● Your assignment:
Of all the lines below, return only those starting with the line holding "Bruynzeel fineliner set licht 6 kleuren" and going on through the line holding "Acme - Yedaid", exactly as written.

● Records provided:
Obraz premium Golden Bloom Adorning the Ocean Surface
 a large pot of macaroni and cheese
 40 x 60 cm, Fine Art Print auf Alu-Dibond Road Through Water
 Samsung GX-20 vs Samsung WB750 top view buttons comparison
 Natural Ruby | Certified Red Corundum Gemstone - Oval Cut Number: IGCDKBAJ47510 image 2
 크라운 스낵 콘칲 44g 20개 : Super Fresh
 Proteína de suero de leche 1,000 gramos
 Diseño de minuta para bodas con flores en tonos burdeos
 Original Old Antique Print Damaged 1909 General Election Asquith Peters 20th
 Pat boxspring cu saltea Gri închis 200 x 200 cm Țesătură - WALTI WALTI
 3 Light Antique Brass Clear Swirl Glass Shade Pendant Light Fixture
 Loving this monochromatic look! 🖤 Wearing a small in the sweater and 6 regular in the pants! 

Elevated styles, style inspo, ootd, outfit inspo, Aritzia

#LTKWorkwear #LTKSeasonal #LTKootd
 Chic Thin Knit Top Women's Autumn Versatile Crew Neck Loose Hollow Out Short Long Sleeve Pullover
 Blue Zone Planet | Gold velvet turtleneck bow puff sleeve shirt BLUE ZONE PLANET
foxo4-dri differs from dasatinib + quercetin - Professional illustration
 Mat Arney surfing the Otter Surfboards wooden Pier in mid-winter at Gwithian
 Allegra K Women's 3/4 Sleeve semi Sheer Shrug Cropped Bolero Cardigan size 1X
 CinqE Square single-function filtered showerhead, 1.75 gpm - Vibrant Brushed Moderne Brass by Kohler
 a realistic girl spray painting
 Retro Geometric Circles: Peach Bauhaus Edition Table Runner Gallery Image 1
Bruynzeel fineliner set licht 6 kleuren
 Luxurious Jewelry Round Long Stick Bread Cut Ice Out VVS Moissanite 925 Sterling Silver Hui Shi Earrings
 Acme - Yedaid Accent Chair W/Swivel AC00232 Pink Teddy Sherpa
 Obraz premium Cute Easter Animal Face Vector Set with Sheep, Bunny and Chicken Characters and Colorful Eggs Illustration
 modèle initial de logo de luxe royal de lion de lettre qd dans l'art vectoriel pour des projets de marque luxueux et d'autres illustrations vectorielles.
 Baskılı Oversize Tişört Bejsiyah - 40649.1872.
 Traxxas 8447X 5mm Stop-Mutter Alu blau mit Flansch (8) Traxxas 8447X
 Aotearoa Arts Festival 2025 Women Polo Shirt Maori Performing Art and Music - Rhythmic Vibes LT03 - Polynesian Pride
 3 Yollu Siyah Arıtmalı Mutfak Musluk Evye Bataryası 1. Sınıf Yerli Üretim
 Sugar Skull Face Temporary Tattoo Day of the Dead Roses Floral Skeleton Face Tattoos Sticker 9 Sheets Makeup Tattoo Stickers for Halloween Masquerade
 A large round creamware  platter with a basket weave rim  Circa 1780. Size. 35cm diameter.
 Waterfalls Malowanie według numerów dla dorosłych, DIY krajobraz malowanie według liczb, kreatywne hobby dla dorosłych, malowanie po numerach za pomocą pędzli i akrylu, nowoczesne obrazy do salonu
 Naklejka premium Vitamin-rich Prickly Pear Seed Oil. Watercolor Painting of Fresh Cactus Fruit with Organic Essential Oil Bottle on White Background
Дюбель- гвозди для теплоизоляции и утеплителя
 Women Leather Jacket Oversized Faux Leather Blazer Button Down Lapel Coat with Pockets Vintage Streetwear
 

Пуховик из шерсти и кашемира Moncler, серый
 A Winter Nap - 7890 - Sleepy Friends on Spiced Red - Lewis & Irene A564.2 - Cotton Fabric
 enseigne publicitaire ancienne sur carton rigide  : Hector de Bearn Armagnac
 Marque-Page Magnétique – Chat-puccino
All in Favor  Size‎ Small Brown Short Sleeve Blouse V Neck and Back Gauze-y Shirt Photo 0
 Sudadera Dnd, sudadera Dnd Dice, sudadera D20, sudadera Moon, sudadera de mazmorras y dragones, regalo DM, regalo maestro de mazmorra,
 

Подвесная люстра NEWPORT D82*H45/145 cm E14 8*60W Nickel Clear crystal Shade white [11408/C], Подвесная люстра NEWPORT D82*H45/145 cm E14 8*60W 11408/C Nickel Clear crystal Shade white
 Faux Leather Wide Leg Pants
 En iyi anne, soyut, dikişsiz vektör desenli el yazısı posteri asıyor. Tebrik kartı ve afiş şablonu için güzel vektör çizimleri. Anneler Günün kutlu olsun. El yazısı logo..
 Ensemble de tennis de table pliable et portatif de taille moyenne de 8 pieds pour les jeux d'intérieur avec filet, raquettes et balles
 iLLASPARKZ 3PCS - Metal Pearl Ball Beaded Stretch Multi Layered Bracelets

● Solution to the problem:
Bruynzeel fineliner set licht 6 kleuren
 Luxurious Jewelry Round Long Stick Bread Cut Ice Out VVS Moissanite 925 Sterling Silver Hui Shi Earrings
 Acme - Yedaid Accent Chair W/Swivel AC00232 Pink Teddy Sherpa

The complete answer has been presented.